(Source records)
--- START ---
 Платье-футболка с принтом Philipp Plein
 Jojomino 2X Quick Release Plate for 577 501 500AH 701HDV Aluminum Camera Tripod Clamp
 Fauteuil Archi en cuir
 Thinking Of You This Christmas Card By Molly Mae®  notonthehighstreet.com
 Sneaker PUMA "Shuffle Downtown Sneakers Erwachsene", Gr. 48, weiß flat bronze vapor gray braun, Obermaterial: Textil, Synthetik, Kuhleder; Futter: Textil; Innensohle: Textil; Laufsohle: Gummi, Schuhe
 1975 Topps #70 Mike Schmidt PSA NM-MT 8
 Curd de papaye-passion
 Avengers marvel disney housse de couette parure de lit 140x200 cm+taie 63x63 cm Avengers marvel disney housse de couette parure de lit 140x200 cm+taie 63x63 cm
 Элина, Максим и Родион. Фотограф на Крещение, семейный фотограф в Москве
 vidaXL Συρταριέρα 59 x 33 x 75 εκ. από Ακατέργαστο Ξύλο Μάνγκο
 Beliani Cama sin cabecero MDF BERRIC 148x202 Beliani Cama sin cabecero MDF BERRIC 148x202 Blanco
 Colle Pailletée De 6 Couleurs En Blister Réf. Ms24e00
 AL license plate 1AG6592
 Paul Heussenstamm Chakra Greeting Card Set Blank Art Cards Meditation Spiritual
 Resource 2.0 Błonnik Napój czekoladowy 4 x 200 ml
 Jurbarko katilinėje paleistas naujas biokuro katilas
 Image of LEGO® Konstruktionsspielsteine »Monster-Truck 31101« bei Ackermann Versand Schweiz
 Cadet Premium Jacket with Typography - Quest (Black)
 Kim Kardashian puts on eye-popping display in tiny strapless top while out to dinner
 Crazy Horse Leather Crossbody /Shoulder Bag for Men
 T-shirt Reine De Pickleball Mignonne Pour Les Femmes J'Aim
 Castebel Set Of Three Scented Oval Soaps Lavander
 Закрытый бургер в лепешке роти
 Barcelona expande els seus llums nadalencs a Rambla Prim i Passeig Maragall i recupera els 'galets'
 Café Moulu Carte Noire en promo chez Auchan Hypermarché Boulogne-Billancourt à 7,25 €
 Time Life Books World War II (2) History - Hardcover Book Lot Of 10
--- END ---
- [ACTION ITEM] A verbatim repeat of all the entries above is the required answer.

- [SOLUTION FOR THIS TASK]
 Платье-футболка с принтом Philipp Plein
 Jojomino 2X Quick Release Plate for 577 501 500AH 701HDV Aluminum Camera Tripod Clamp
 Fauteuil Archi en cuir
 Thinking Of You This Christmas Card By Molly Mae®  notonthehighstreet.com
 Sneaker PUMA "Shuffle Downtown Sneakers Erwachsene", Gr. 48, weiß flat bronze vapor gray braun, Obermaterial: Textil, Synthetik, Kuhleder; Futter: Textil; Innensohle: Textil; Laufsohle: Gummi, Schuhe
 1975 Topps #70 Mike Schmidt PSA NM-MT 8
 Curd de papaye-passion
 Avengers marvel disney housse de couette parure de lit 140x200 cm+taie 63x63 cm Avengers marvel disney housse de couette parure de lit 140x200 cm+taie 63x63 cm
 Элина, Максим и Родион. Фотограф на Крещение, семейный фотограф в Москве
 vidaXL Συρταριέρα 59 x 33 x 75 εκ. από Ακατέργαστο Ξύλο Μάνγκο
 Beliani Cama sin cabecero MDF BERRIC 148x202 Beliani Cama sin cabecero MDF BERRIC 148x202 Blanco
 Colle Pailletée De 6 Couleurs En Blister Réf. Ms24e00
 AL license plate 1AG6592
 Paul Heussenstamm Chakra Greeting Card Set Blank Art Cards Meditation Spiritual
 Resource 2.0 Błonnik Napój czekoladowy 4 x 200 ml
 Jurbarko katilinėje paleistas naujas biokuro katilas
 Image of LEGO® Konstruktionsspielsteine »Monster-Truck 31101« bei Ackermann Versand Schweiz
 Cadet Premium Jacket with Typography - Quest (Black)
 Kim Kardashian puts on eye-popping display in tiny strapless top while out to dinner
 Crazy Horse Leather Crossbody /Shoulder Bag for Men
 T-shirt Reine De Pickleball Mignonne Pour Les Femmes J'Aim
 Castebel Set Of Three Scented Oval Soaps Lavander
 Закрытый бургер в лепешке роти
 Barcelona expande els seus llums nadalencs a Rambla Prim i Passeig Maragall i recupera els 'galets'
 Café Moulu Carte Noire en promo chez Auchan Hypermarché Boulogne-Billancourt à 7,25 €
 Time Life Books World War II (2) History - Hardcover Book Lot Of 10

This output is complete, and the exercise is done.